Russian officials insist there’s no sugar deficit and that the crisis is an artificial one, caused by consumer panic-buying and unscrupulous manufacturing and distribution companies hoarding sugar in an attempt to push prices higher. Even so, the government last week imposed a temporary ban on sugar exports.
"Of course not everyone can cope with their emotions, but if you know the real information, then you understand that there is absolutely no need to run around the shops to buy toilet paper, buckwheat, sugar, and so on," said Dmitry Peskov, Russian President Vladimir Putin's spokesperson, on Friday.
Russian law enforcement agencies have warned that they are investigating companies in regions suffering from sugar deficits.
The cost of sugar went up as much as 31 percent last week, but it’s not the only thing becoming hugely expensive. With an exodus of foreign businesses and Western sanctions expected to lead to shortages of foreign goods, the price of imported cars and household items, like hoovers and televisions, has also shot up more than 20 percent since the war began.
Despite an emergency rate hike and the imposition of currency controls, it looks unlikely the authorities will be able to bring inflation under control. Prices in Russia rose 4.3 percent, more in the two weeks following the invasion than the government hoped they would over the entire year. Predictions for Russia’s annual inflation rate now range from about 15 percent to as high as 30 percent.

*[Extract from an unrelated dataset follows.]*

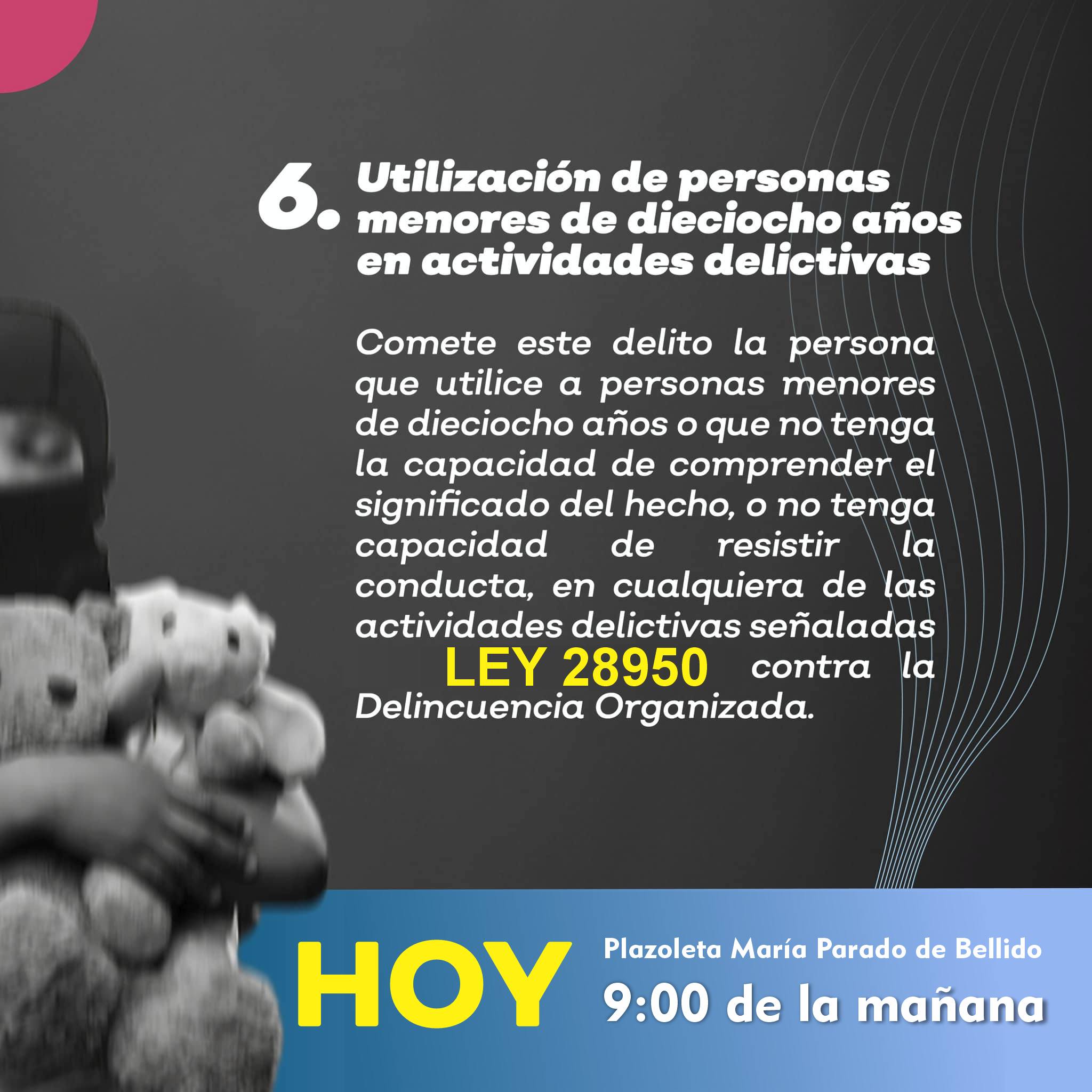Pena ejemplar a tratantes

Those currently experiencing difficulties getting sugar are at the sharp end of what is likely to be a protracted and painful economic crisis. Yevgeniya Buldakova, head of a boutique chocolate manufacturing company in St. Petersburg, said she was still receiving sugar deliveries, but that her suppliers had raised prices about 8 percent since the start of the war. Judging by the lack of sugar in local shops, she believes her company will soon face shortages. “We’ve had no problems yet, but I think we will do soon,” she said.